> WHAT NEEDS TO BE DONE: A word-for-word copy of the listing, free of images, is the expected answer.

-------- DATASET SECTION --------

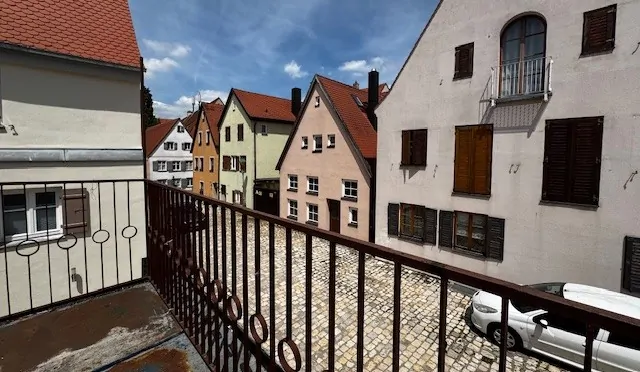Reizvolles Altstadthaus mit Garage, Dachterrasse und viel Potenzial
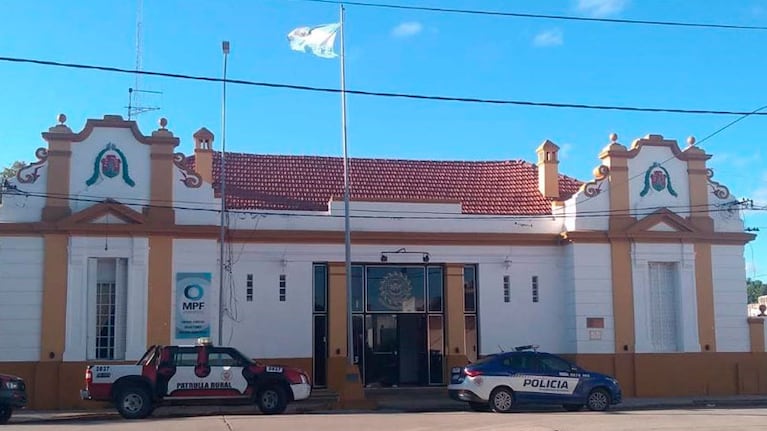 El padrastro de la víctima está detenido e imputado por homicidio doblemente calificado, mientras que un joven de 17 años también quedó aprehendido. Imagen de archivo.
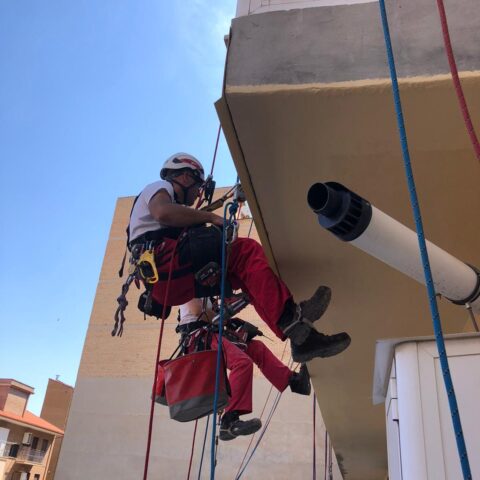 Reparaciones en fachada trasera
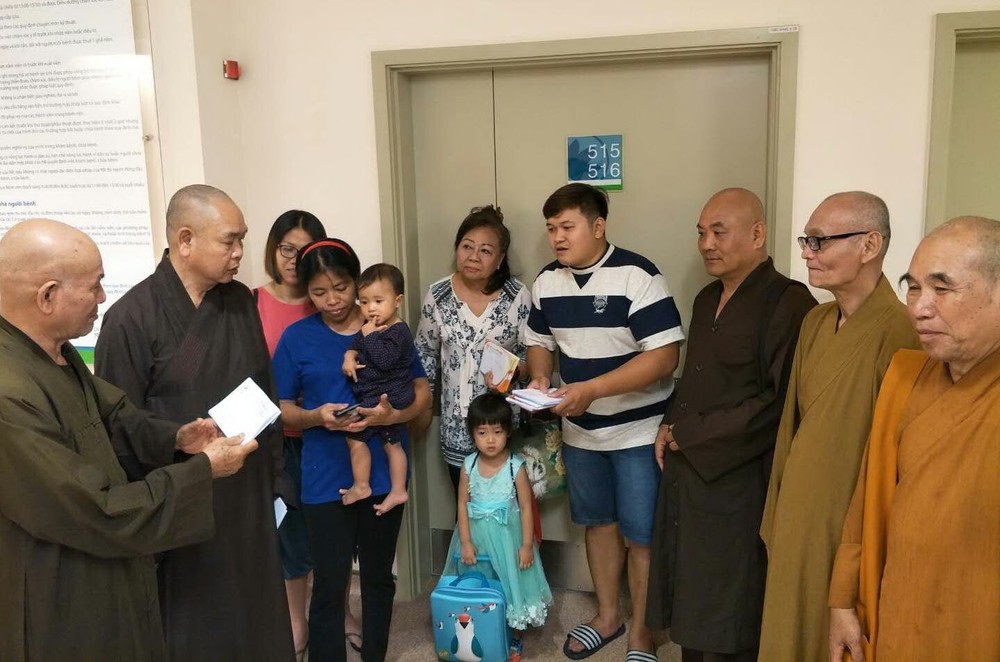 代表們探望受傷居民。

--------

> EXERCISE OUTPUT:
Reizvolles Altstadthaus mit Garage, Dachterrasse und viel Potenzial
 El padrastro de la víctima está detenido e imputado por homicidio doblemente calificado, mientras que un joven de 17 años también quedó aprehendido. Imagen de archivo.
 Reparaciones en fachada trasera
 代表們探望受傷居民。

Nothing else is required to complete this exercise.